Pendekatan kerjasama berikut kesepakatan baru, dicapai pada awal Maret ketika Presiden Turki Recep Tayyip Erdogan mengunjungi Raja Saudi, King Salman, sesaat setelah dinobatkan di Riyadh, menurut informasi seorang diplomat kepada The Independent.
Hubungan antara Presiden Turki dan almarhum Raja Abdullah sempat renggang, terutama karena Turki memberi dukungan untuk Ikhwanul Muslimin, yang menurut monarki Saudi merupakan ancaman, sekarang hubungan tersebut mulai diperbaiki.

Erdogan menekankan kepada para pejabat Saudi bahwa lambatnya tindakan Barat di Suriah, terutama kegagalan untuk memberlakukan “zona larangan terbang”, mendesak kekuatan regional untuk bersatu dan membantu oposisi.

Jaish al-Fatah – dengan tujuh anggotanya, yang didalamnya termasuk kelompok “garis keras” Ahrar al-Sham dan Jund al-Aqsa – memiliki pusat komando di Idlib, Suriah utara. Para pejabat Turki mengakui memberikan dukungan logistik dan intelijen ke markas komando. Meskipun mereka menolak memberikan bantuan langsung kepada al-Nusra, mereka mengakui bahwa kelompok itu akan menjadi penerima manfaat dari bantuan dari Turki.
Dukungan material – senjata dan uang – telah datang dari Saudi, menurut informasi resmi dari pejuang, Turki memfasilitasi pengiriman dan distribusinya. Desa-desa perbatasan Guvecci, Kuyubasi, Hacipasa, Besaslan, Kusakli dan Bukulmez adalah rute distribusi utama, menurut sumber-sumber dari pejuang.
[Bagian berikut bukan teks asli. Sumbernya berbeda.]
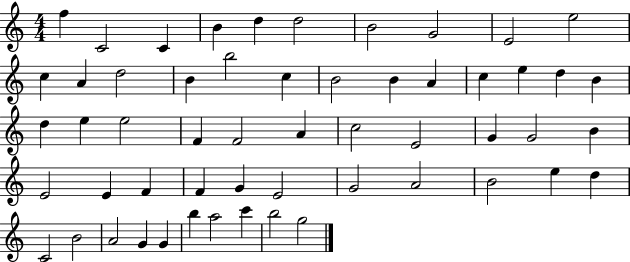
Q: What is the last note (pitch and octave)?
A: G5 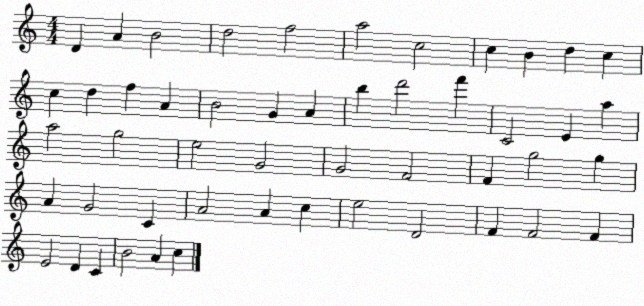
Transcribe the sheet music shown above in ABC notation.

X:1
T:Untitled
M:4/4
L:1/4
K:C
D A B2 d2 f2 a2 c2 c B d c c d f A B2 G A b d'2 f' C2 E a a2 g2 e2 G2 G2 F2 F g2 g A G2 C A2 A c e2 D2 F F2 F E2 D C B2 A c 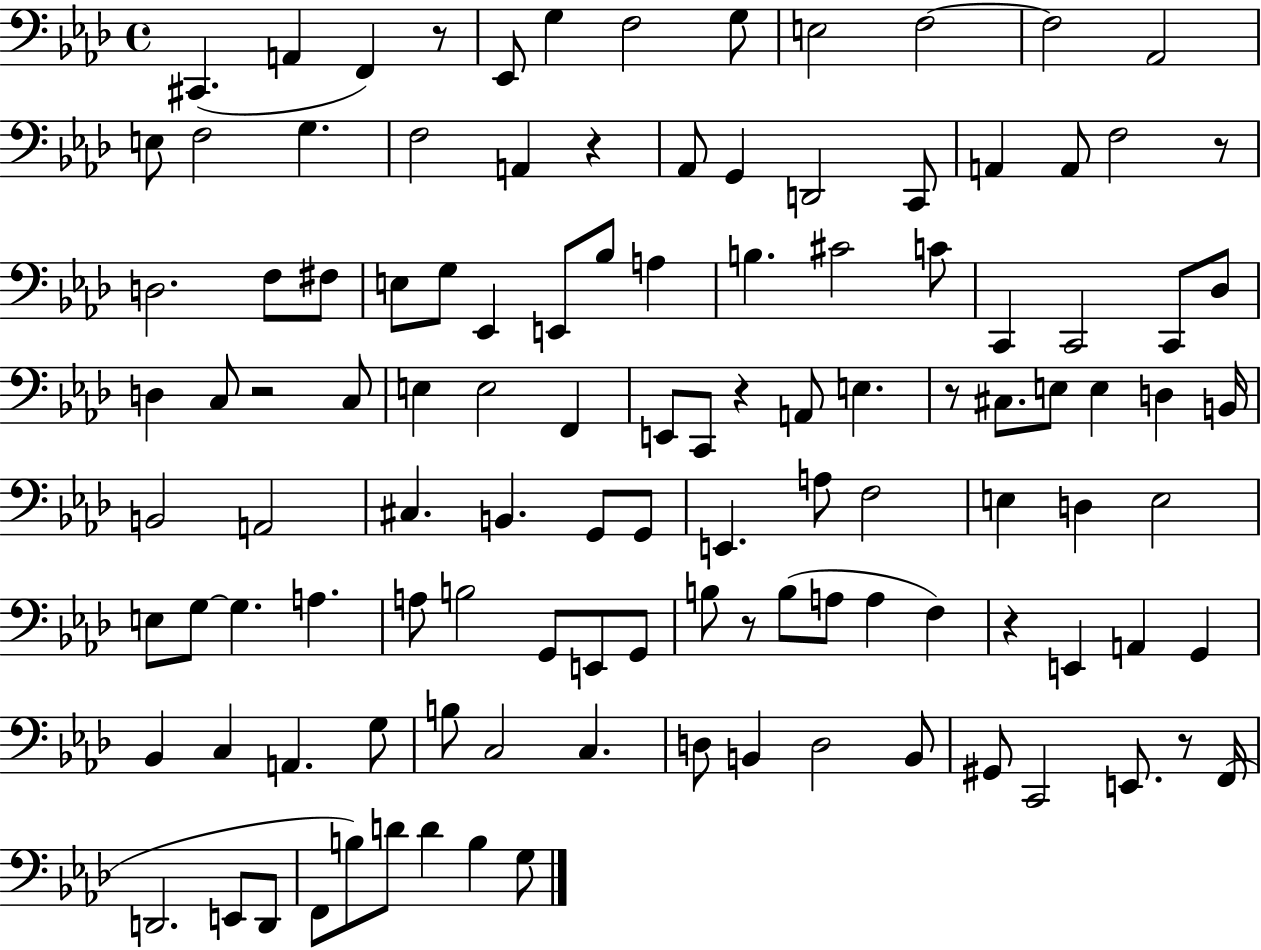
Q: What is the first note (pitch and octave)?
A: C#2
Semakin kuatnya kerjasama antara Turki dan Arab Saudi menggambarkan bagaimana kepentingan kekuatan regional Ahlusunnah, tidak sejalan dengan kepentingan Amerika Serikat di Suriah. Washington tegas menentang mempersenjatai dan pendanaan kelompok jihad ekstrimis dalam perang sipil Suriah. AS juga memerangi mereka yang diwujudkan dengan serangan udara terhadap posisi al-Nusra di Aleppo – karena alasan mengklaim kelompok itu merencanakan serangan teroris di Barat – pada hari pertama kampanye pengeboman saat melawan Isis.
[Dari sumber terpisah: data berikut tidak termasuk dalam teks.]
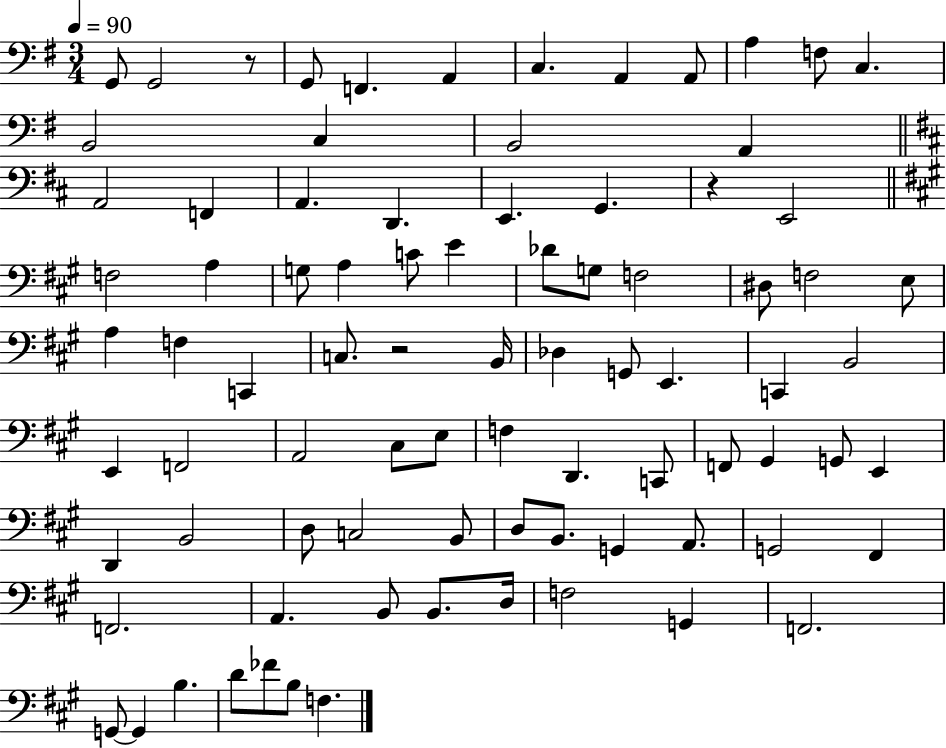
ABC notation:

X:1
T:Untitled
M:3/4
L:1/4
K:G
G,,/2 G,,2 z/2 G,,/2 F,, A,, C, A,, A,,/2 A, F,/2 C, B,,2 C, B,,2 A,, A,,2 F,, A,, D,, E,, G,, z E,,2 F,2 A, G,/2 A, C/2 E _D/2 G,/2 F,2 ^D,/2 F,2 E,/2 A, F, C,, C,/2 z2 B,,/4 _D, G,,/2 E,, C,, B,,2 E,, F,,2 A,,2 ^C,/2 E,/2 F, D,, C,,/2 F,,/2 ^G,, G,,/2 E,, D,, B,,2 D,/2 C,2 B,,/2 D,/2 B,,/2 G,, A,,/2 G,,2 ^F,, F,,2 A,, B,,/2 B,,/2 D,/4 F,2 G,, F,,2 G,,/2 G,, B, D/2 _F/2 B,/2 F,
Kecaman datang dari Saudi menyatakan bahwa AS, membutuhkan dukungan dari Syiah Iran untuk memerangi Isis di Irak, adanya kesepakatan AS terhadap program nuklir Iran, membuat AS menjadi tidak lagi tertarik pada penggulingan rezim yang didukung Teheran di Damaskus.
Bukti lebih lanjut dari ketidakpuasan atas pendekatan AS di antara negara-negara Sunni datang kemarin dengan berita bahwa Raja Salman menarik diri dan tidak menghadiri puncak pertemuan dengan Barack Obama di Gedung Putih pada pembicaraan nuklir Iran minggu ini: ia akan diwakili oleh bukan Putra Mahkota Mohammed bin Nayef . Dari enam kepala negara Teluk yang diundang, hanya emir Qatar dan Kuwait yang hadir.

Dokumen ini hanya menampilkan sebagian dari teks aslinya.